We live not only in a place, but also a time.
I never understood, truthfully, (and despite extensively quoting it in drafts and redrafts and final drafts of essays and my undergraduate dissertation; wherever memory was concerned), David Lowenthal’s line: ‘the past is a foreign country’. Until I put time and place together as adjuncts: suddenly both were inhabited and necessary to identity, fundamental to it. You cannot abstract the past from time: history without time is absurd, nonsensical, and memory without the backbone of temporality ceases to exist. Similarly, any notion of the future without reference to time simply isn’t ‘the future’. The shared temporal reference core to both concepts is the present: the origin of the axes of time (that is: coordinates (0,0)) from which we read the graphs of past and future. As such, time, like identity itself, is a matter of alterity: that which something is defined against and is itself defined against something else, never an abstract independent. I am in the present because I am not in the past; that is the past because it is different to now, lived in the tense that is occupied; this is the future because it is different to now, vacant of experience. I am who I am because of my past and that which is my future. We are who we are because this is our past and this is our future.

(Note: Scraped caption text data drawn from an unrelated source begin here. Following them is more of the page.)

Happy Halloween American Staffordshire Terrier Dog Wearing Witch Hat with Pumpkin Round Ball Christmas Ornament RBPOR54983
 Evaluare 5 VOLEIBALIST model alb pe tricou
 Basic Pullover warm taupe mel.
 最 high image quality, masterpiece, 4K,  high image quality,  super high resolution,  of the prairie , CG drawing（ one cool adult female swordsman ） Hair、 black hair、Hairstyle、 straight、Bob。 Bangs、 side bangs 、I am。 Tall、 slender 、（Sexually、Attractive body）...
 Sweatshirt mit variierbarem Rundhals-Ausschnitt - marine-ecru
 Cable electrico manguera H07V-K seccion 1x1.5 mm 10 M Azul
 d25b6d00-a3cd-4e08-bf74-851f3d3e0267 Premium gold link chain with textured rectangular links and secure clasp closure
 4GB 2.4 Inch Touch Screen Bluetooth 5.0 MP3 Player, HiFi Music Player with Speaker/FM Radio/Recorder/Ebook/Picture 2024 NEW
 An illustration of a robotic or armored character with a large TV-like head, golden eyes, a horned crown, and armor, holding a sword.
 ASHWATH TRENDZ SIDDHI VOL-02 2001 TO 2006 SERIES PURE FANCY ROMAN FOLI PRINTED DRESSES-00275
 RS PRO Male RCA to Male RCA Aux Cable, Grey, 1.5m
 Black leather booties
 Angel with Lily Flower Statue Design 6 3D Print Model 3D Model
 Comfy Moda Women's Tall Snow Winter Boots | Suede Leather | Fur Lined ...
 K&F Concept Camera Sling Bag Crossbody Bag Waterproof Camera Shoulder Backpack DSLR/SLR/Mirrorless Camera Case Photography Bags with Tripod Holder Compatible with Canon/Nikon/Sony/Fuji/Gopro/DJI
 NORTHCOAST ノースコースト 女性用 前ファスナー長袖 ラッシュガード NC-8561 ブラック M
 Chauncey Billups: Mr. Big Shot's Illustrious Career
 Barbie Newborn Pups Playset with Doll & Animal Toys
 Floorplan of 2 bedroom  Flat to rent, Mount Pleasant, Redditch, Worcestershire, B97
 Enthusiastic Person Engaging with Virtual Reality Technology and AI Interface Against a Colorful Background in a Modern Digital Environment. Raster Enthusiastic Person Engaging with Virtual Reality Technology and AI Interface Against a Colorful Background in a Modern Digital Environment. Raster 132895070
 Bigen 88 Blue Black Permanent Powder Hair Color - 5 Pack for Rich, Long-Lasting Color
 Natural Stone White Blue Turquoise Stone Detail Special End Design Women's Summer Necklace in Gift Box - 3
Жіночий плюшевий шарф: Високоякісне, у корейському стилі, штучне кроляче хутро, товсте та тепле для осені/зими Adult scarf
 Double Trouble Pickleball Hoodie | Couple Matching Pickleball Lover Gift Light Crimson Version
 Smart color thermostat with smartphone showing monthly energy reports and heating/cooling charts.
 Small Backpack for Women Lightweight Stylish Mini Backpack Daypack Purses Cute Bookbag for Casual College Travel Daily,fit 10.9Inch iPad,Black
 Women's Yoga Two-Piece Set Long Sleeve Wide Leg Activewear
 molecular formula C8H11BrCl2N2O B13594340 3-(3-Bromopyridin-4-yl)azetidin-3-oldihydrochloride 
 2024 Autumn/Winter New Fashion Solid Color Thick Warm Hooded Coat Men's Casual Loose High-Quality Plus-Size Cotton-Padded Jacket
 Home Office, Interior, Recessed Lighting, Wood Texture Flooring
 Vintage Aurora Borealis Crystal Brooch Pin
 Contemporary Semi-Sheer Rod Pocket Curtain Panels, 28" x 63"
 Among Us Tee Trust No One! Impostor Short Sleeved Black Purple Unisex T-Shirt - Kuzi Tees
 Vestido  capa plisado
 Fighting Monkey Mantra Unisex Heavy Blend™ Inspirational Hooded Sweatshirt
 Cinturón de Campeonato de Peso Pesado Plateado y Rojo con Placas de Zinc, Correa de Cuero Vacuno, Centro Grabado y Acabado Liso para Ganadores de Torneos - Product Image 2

We are a country that shall defend our island, whatever the cost shall be, we shall fight on the beaches and we shall never surrender. We are a county whose heritage is mining. We are a city of learning and academic excellence, the names of scholars more numerous than the faces hanging in our great halls. I am a ‘90s kid, because I understand this set of niche cultural references those born in the 2000s could never ‘get’. The various claims made on time in these examples are fundamental to the identities they list at various spatial scales, from nation to individual body.